__WORK TASK__.
Your answer must be an exact repeat of the lines from the one containing "Photo of property" through the last line of the records, both included, with no pictures.

__SOURCE MATERIAL__.
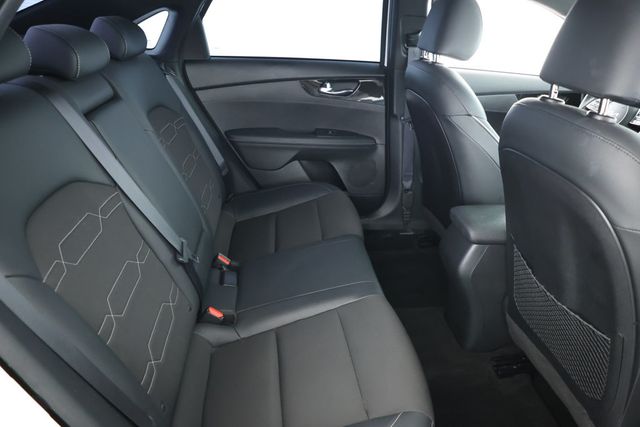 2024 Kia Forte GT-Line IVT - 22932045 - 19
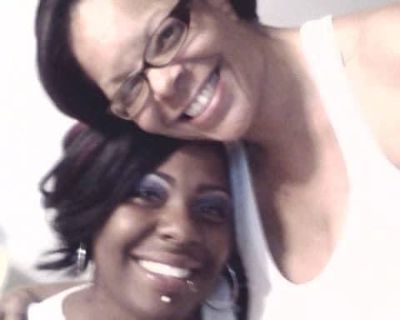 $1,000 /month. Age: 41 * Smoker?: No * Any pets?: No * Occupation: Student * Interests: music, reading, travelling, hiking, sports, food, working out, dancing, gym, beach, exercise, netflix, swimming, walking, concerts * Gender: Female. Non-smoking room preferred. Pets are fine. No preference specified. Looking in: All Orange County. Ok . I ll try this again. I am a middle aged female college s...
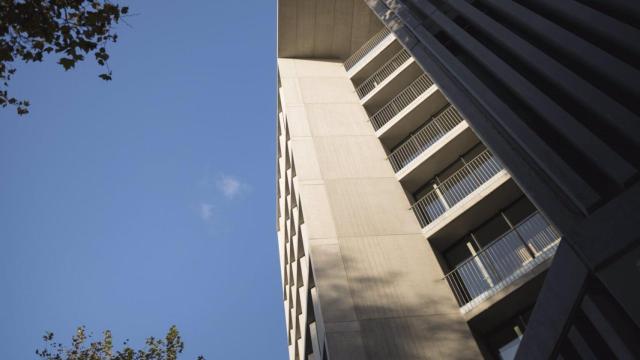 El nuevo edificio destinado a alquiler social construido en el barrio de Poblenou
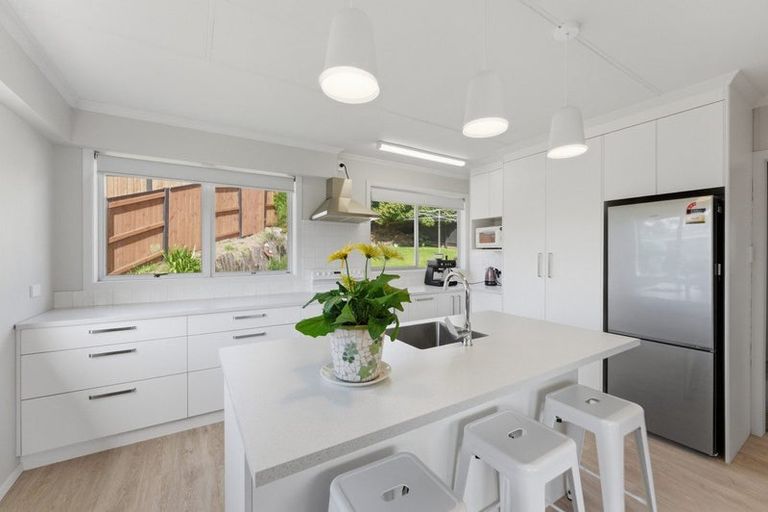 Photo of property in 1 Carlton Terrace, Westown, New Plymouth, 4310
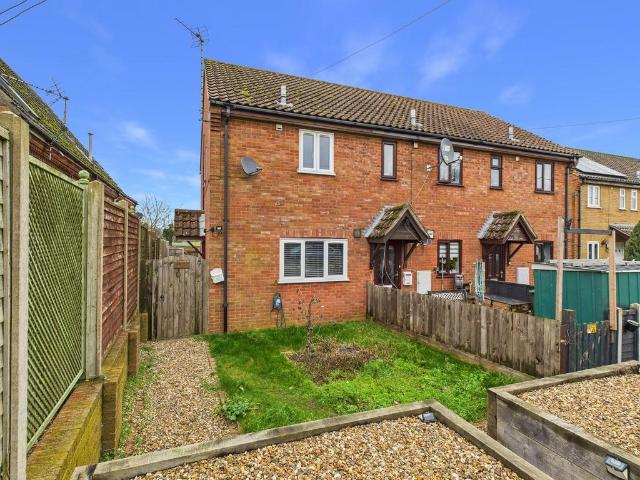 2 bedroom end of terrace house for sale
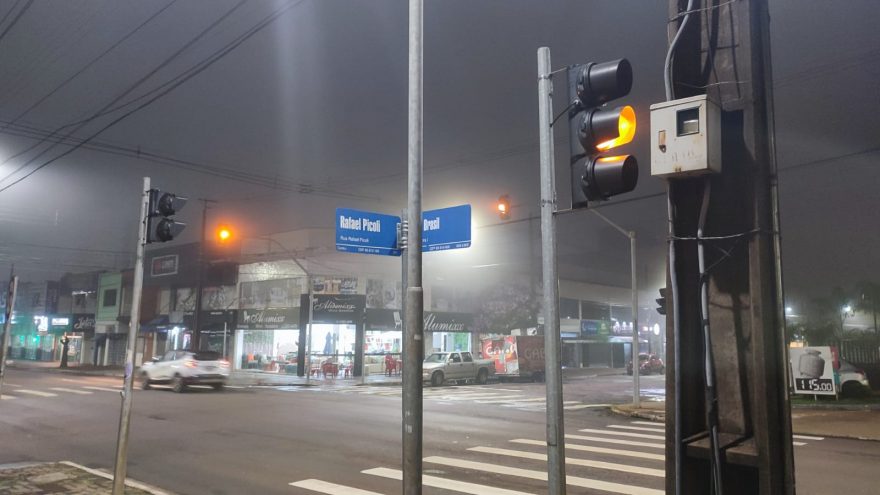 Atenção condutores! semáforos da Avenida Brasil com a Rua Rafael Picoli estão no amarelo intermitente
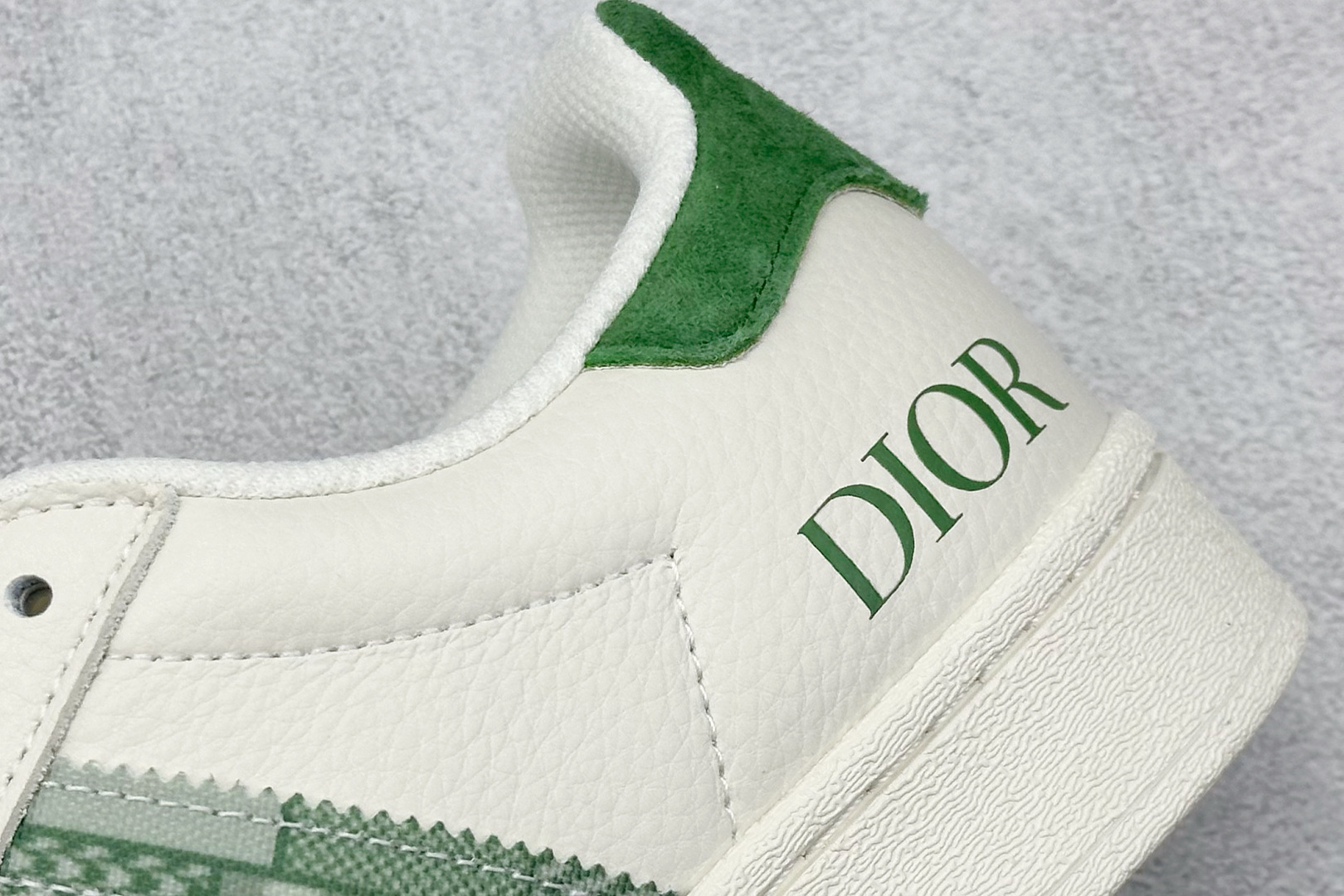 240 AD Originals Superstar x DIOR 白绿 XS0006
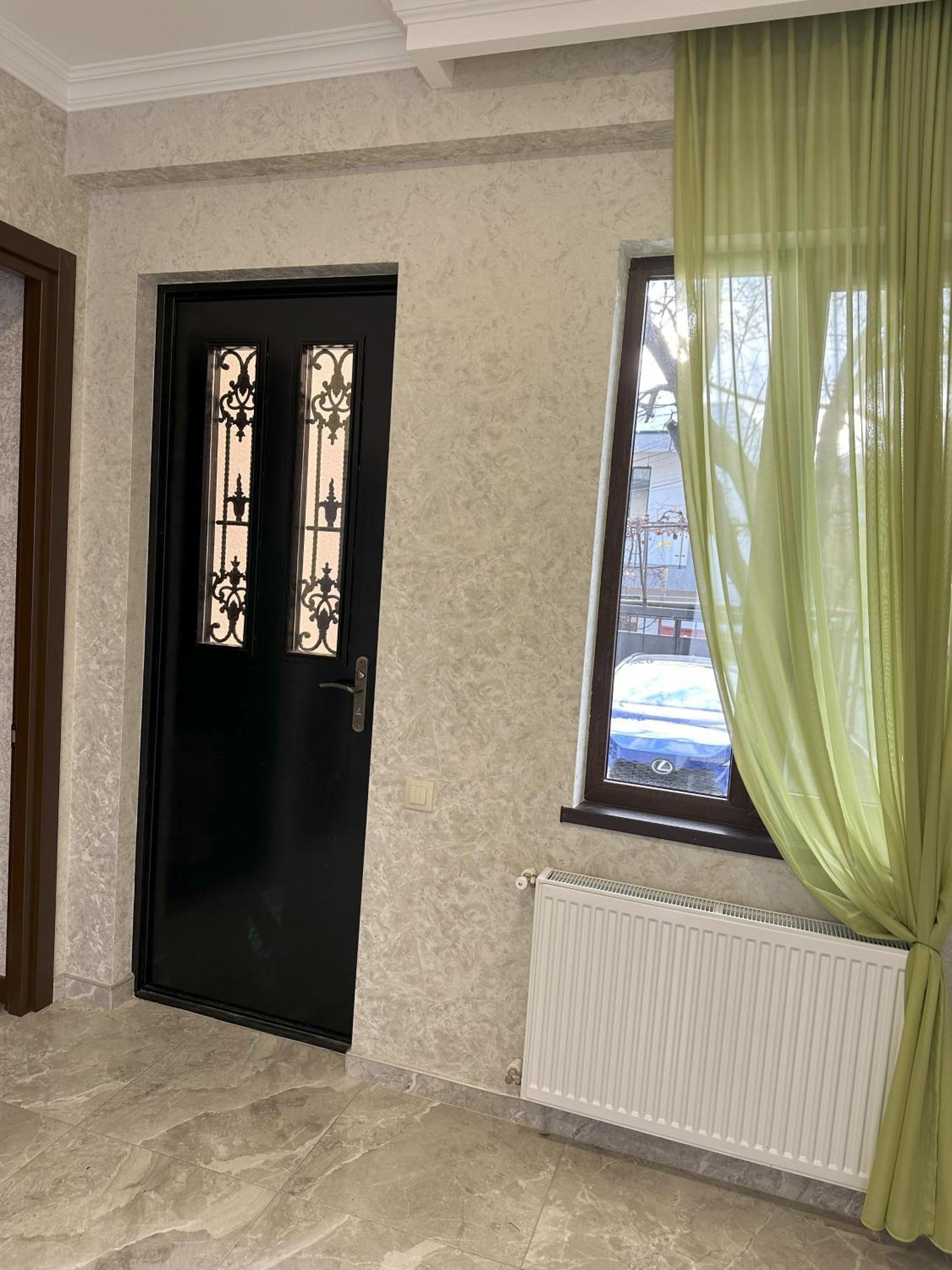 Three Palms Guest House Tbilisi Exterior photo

__ANSWER SECTION__.
 Photo of property in 1 Carlton Terrace, Westown, New Plymouth, 4310
 2 bedroom end of terrace house for sale
 Atenção condutores! semáforos da Avenida Brasil com a Rua Rafael Picoli estão no amarelo intermitente
 240 AD Originals Superstar x DIOR 白绿 XS0006
 Three Palms Guest House Tbilisi Exterior photo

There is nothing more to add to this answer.